• **What is required**: Pictures aside, reproduce exactly each line from the one holding "Floral decorative cushion" through the last line of the material, both ends included.

• **Provided data**:
=== Begin Enclosure ===
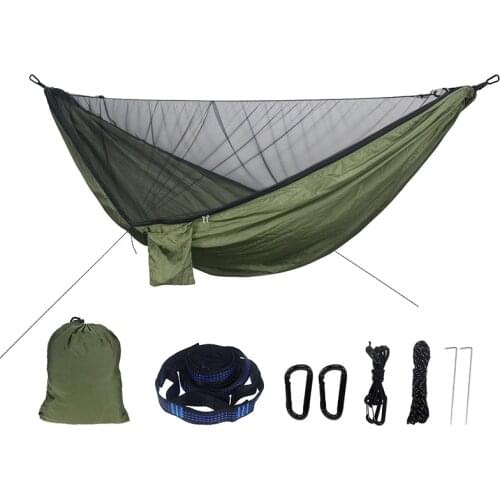 Portable Camping Hammock With Mosquito Net Awning Rain Fly Waterproof Quick-open Mosquito Net Hammock Outdoor Nylon Hammocks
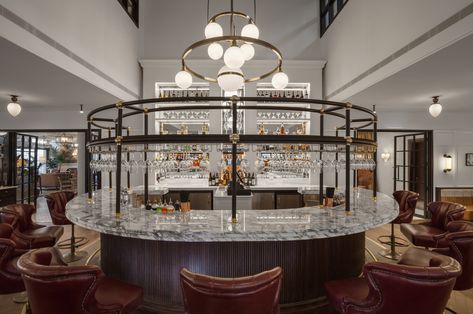 Tamburlaine Circular Bar, U Shaped Bar, Irish Interiors, Arabescato Marble, Modern Hotel, Hotel Bar, Bar Top, Brass Lighting, Bar Lounge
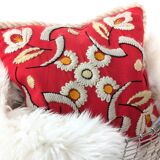 Floral decorative cushion | Wool embroidery | 70s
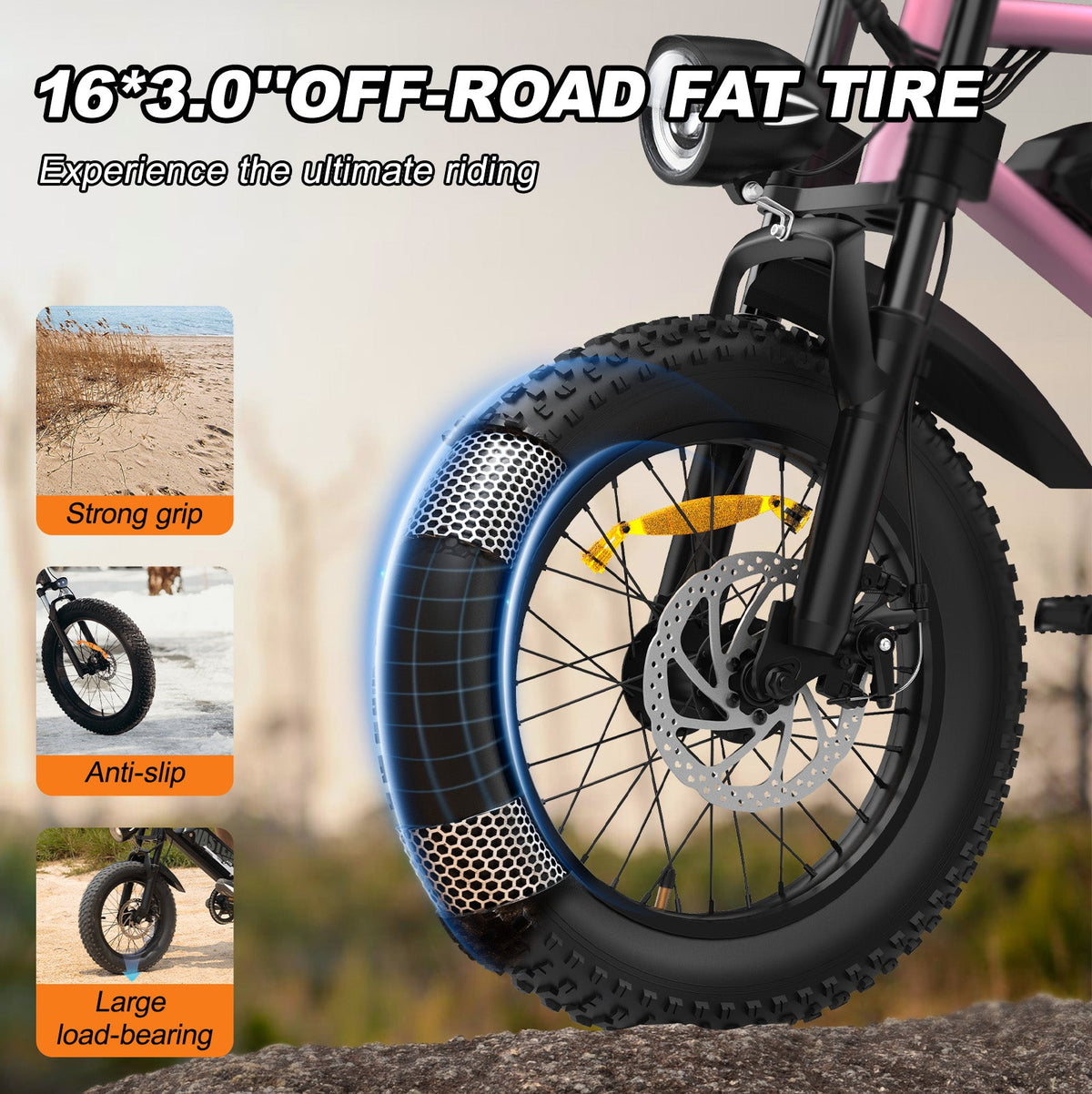 16 x 4.0 inch Fat Tire E-Bike for Teenager Top Speed 25km/h, Removable 36V 12.8Ah Battery, 50-70 Km PAS Range Full Suspension,EU Compliant | A13 Pink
=== End Enclosure ===
• **Answer space**:
 Floral decorative cushion | Wool embroidery | 70s
 16 x 4.0 inch Fat Tire E-Bike for Teenager Top Speed 25km/h, Removable 36V 12.8Ah Battery, 50-70 Km PAS Range Full Suspension,EU Compliant | A13 Pink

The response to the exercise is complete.